O economista-chefe do Standard Bank em Moçambique, Fáusio Mussá, disse hoje em entrevista à Lusa que os investidores precisam de se sentir mais seguros para o ambiente de negócios melhorar no país, onde o crime violento tem aumentado.

“O país vive um aumento do crime violento” com “raptos” e “uma série de situações que assustam o investidor, já para não falar da situação em Cabo Delgado, que cria uma incerteza muito grande”, referiu.

Cabo Delgado é a província do extremo norte do país que vive uma insurgência armada há quatro anos e meio, levando à suspensão dos megaprojetos de gás do país.

“Quando falamos de melhoria no ambiente de negócios, não estamos a falar só de melhorar infraestruturas para atrair investidores ou da facilitação de procedimentos, mas também de melhorias claras na segurança”, realçou, acrescentando que a confiança no sistema legal é um ponto crucial.

Há um conjunto de investimentos em curso ao nível dos portos e de outros serviços que operam em Moçambique, impulsionados pela perspetiva de poderem servir os futuros projetos de gás.

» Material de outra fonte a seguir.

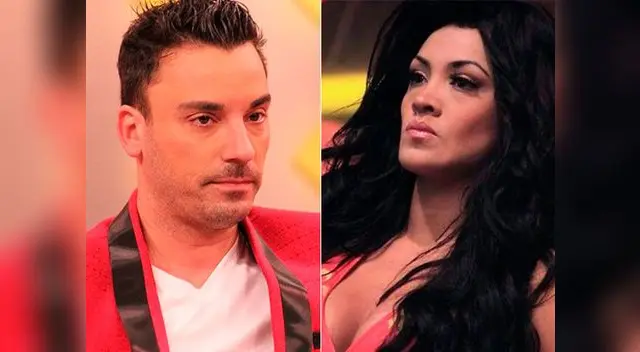 Santi Lesmes le dice sorda por defender la interpretación de Kevin Blow Santi Lesmes le dice sorda por defender la interpretación de Kevin Blow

“Por esta via, os projetos de gás podem ajudar a trazer mais investimentos para o país” e os que promoverem pequenos e médios negócios “geram maior aumento de emprego”, disse.

Só que “esses investimentos são muito sensíveis às condições que o país oferece” do ponto de vista “da facilitação dos negócios e do Estado de Direito (do inglês, ‘rule of law’), ou seja, confiança no sistema legal”, destacou Fáusio Mussá.

A estes pontos-chave para melhorar o ambiente de negócios, acrescenta a necessidade de agilizar a contratação laboral estrangeira: “um investimento vem, mas é preciso mão-de-obra qualificada que muitas vezes nós não temos”.

“Com a pandemia ficou ainda mais difícil”, mas o economista-chefe do Standard espera que as autoridades estejam “a olhar para estas situações”.

A Confederação das Associações Económicas de Moçambique (CTA), maior associação patronal do país, pediu no final do último ano que o Governo seja mais rápido a aprovar o plano de reformas lançado em 2019.

O Plano de Ação para a Melhoria do Ambiente de Negócios (PAMAN) é uma lista de 55 medidas cuja execução ronda 43%.